The final responses are weighted so that the data from the sample accurately represent the NHS's target population. The weighting process involves calculating sampling weights, adjusting the weights for the survey's total non-response, and calibrating the weights against census totals.
First, an initial sampling weight of about 3 is assigned to each sampled household. The initial weight of 3 is the inverse of the probability of being selected in the NHS sample. As noted in Section 3.2, about 3 of 10 households were selected in the sample, which yields an initial weight of just over 3 (10/3). Then the sampling weights are adjusted to reflect the selection of the subsample. As mentioned in Section 3.4, the subsample was selected from the set of households that had not responded to the NHS by mid-July 2011. It is important to note that at the end of these two weighting steps, some households have a weight of 1 because in some regions, all households are selected in the NHS sample.
Next, since a number of households in the subsample were still non-respondent at the end of collection operations, the sampling weight is adjusted for the survey's residual non-response. This is done by transferring the weights of non-respondent households to the nearest-neighbour respondent households. The latter are identified in a manner similar to the imputation process described in Section 4.2, using known variables for respondent and non-respondent households, including census variables and a few variables resulting from matches to administrative databases.

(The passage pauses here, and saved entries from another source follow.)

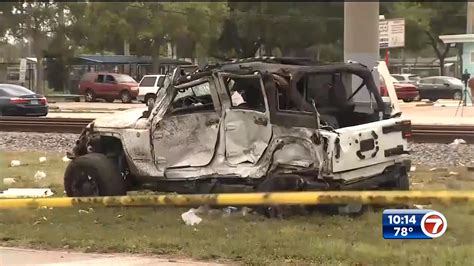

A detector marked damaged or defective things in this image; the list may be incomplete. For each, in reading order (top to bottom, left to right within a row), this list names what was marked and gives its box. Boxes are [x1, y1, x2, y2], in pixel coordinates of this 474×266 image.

destroyed vehicle [63, 58, 412, 198]
burned jeep [64, 57, 412, 200]
fire damage [65, 57, 412, 215]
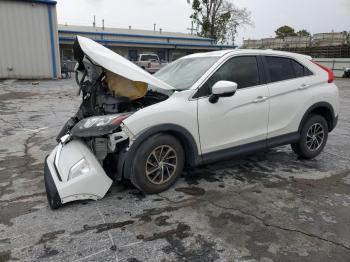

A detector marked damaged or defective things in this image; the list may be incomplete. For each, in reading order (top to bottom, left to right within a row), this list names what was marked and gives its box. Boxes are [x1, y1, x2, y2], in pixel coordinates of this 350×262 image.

crumpled front hood [76, 35, 175, 91]
damaged headlight [70, 112, 132, 137]
crushed front bumper [43, 139, 112, 209]
damaged headlight [68, 158, 90, 180]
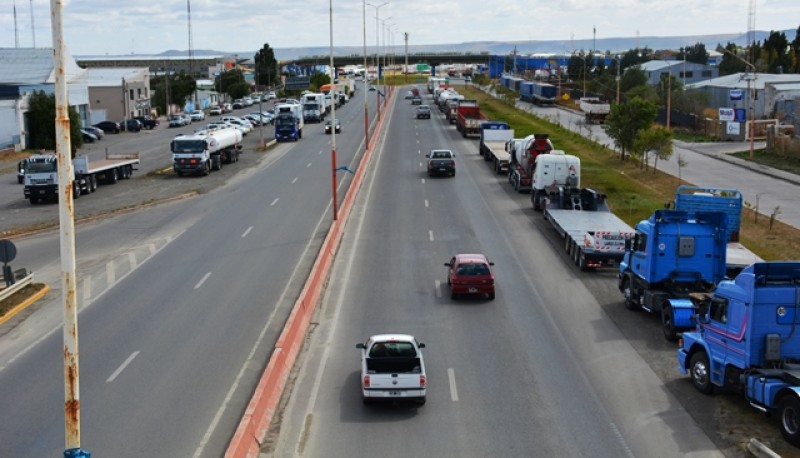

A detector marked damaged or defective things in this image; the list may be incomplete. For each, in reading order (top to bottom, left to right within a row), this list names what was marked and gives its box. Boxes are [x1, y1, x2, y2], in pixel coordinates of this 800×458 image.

rusty pole [51, 0, 83, 454]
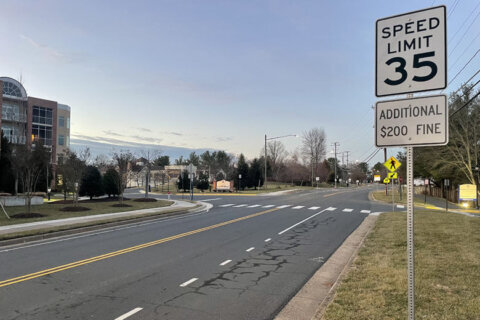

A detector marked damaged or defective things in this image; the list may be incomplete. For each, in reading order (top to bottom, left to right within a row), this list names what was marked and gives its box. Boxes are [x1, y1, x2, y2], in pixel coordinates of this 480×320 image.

cracked asphalt [0, 186, 390, 318]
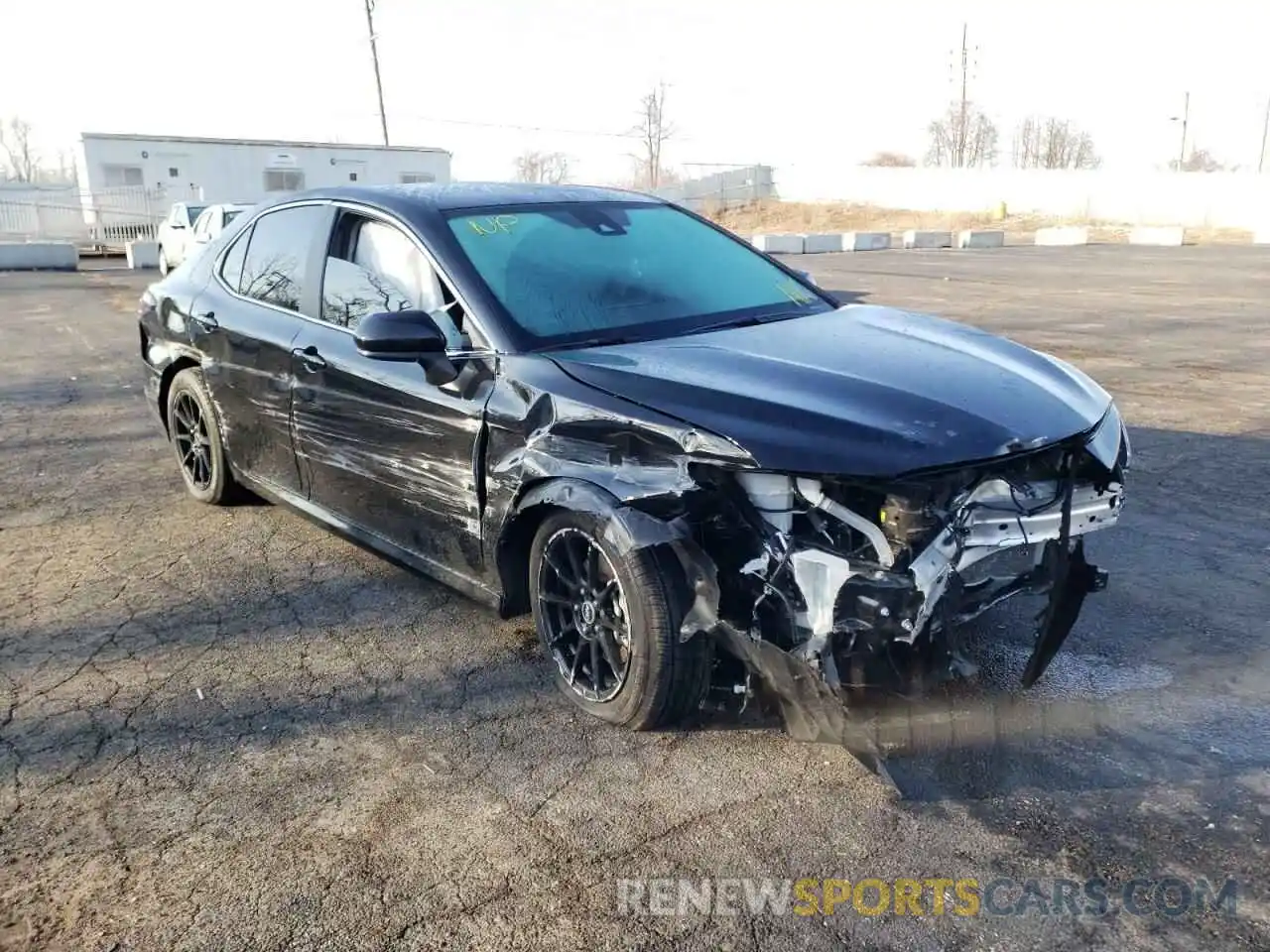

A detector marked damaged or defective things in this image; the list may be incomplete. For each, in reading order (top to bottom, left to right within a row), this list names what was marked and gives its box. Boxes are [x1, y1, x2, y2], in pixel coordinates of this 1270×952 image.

Lastly, the weights are calibrated against census totals at the level of geographic calibration areas. Those areas contain an average of about 2,300 dwellings or 5,600 people in the NHS target population. They are formed by grouping dissemination areas so that they are contiguous, have enough respondent households to make calibration easy to perform, and do not straddle census division boundaries or, wherever possible, census subdivision and census tract boundariesFootnote1. Calibration is performed so that the estimates for an NHS calibration area are approximately equal to the census counts for that area, for a set of about 60 characteristics common to the NHS and the Census. The control totals used are for age, sex, marital/common-law status, dwelling structure, household size, family structure and language. They include the number of households and individuals in all the dissemination areas that make up the calibration area. It is important to note, however, that for a given area, a number of calibration totals are discarded on the basis of certain criteria to avoid reducing the general quality of the estimates.

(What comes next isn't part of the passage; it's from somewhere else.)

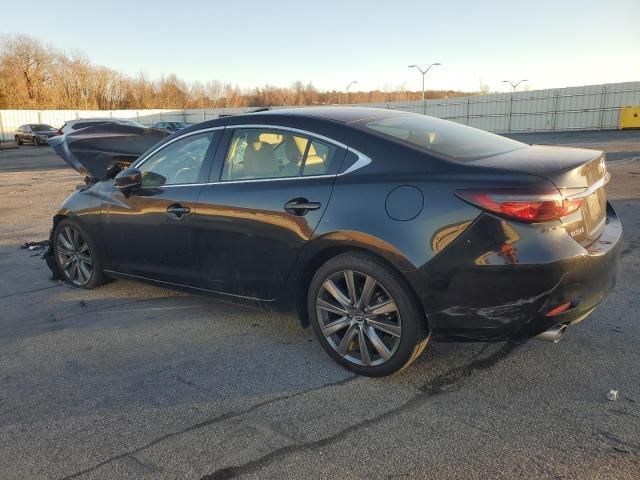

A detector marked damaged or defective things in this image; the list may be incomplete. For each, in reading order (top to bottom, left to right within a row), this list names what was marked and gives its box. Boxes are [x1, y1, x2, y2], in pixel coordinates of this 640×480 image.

damaged hood [48, 122, 169, 178]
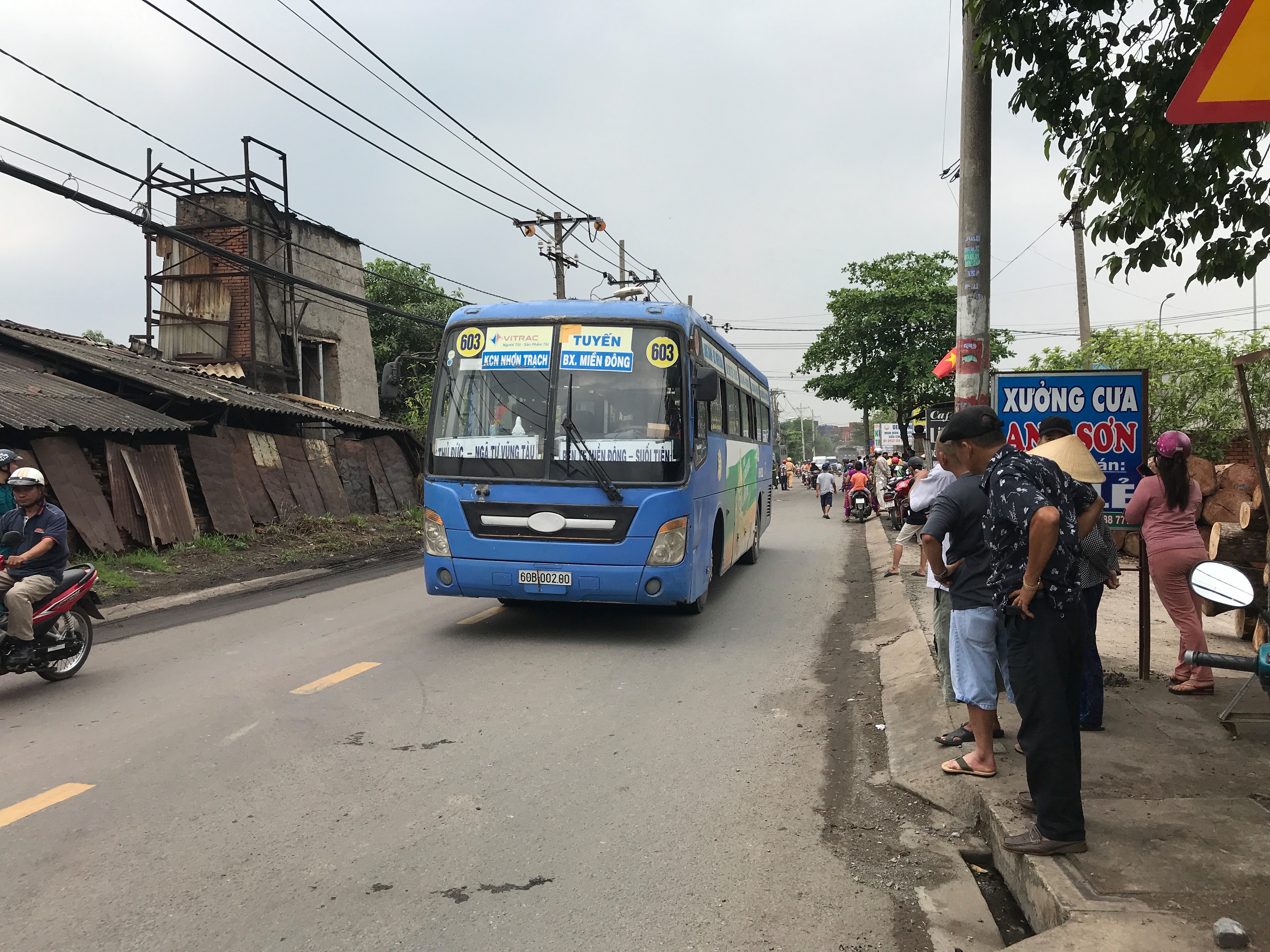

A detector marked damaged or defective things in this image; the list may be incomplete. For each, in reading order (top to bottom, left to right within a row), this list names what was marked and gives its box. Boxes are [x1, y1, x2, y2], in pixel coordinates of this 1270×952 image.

rusty metal shack [0, 325, 421, 556]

Nevertheless, there may be differences between the NHS estimates and the census counts for common characteristics. The smaller the geographic area is, the greater the risk that the NHS estimates will be different from the census counts. This problem was present with the 2006 Census long form, but it was less common because of the higher response rates and the small variation in these response rates across areas, for both small and large municipalities.

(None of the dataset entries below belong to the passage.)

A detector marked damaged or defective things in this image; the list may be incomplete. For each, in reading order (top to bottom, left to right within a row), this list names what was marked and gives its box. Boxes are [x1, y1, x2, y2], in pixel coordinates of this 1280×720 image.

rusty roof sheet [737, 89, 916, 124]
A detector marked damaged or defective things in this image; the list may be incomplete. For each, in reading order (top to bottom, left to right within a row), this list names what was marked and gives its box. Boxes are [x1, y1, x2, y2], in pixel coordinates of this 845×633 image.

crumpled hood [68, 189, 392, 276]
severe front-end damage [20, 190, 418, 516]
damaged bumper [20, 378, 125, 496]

Users should pay close attention to the potential differences between the 2011 Census counts and the NHS estimates for common characteristics. Where there are differences, users should consider the 2011 Census counts to be of higher quality and give preference to them since they are not affected by the NHS's sampling variance or non-response error.
A detailed technical guide to NHS weighting will be available in early 2014. It will provide further details on the weighting and estimation process.
- Footnote 1
Note that the weights of NHS households that are selected with certainty are calibrated independently. They have their own calibration areas, which can straddle census division boundaries.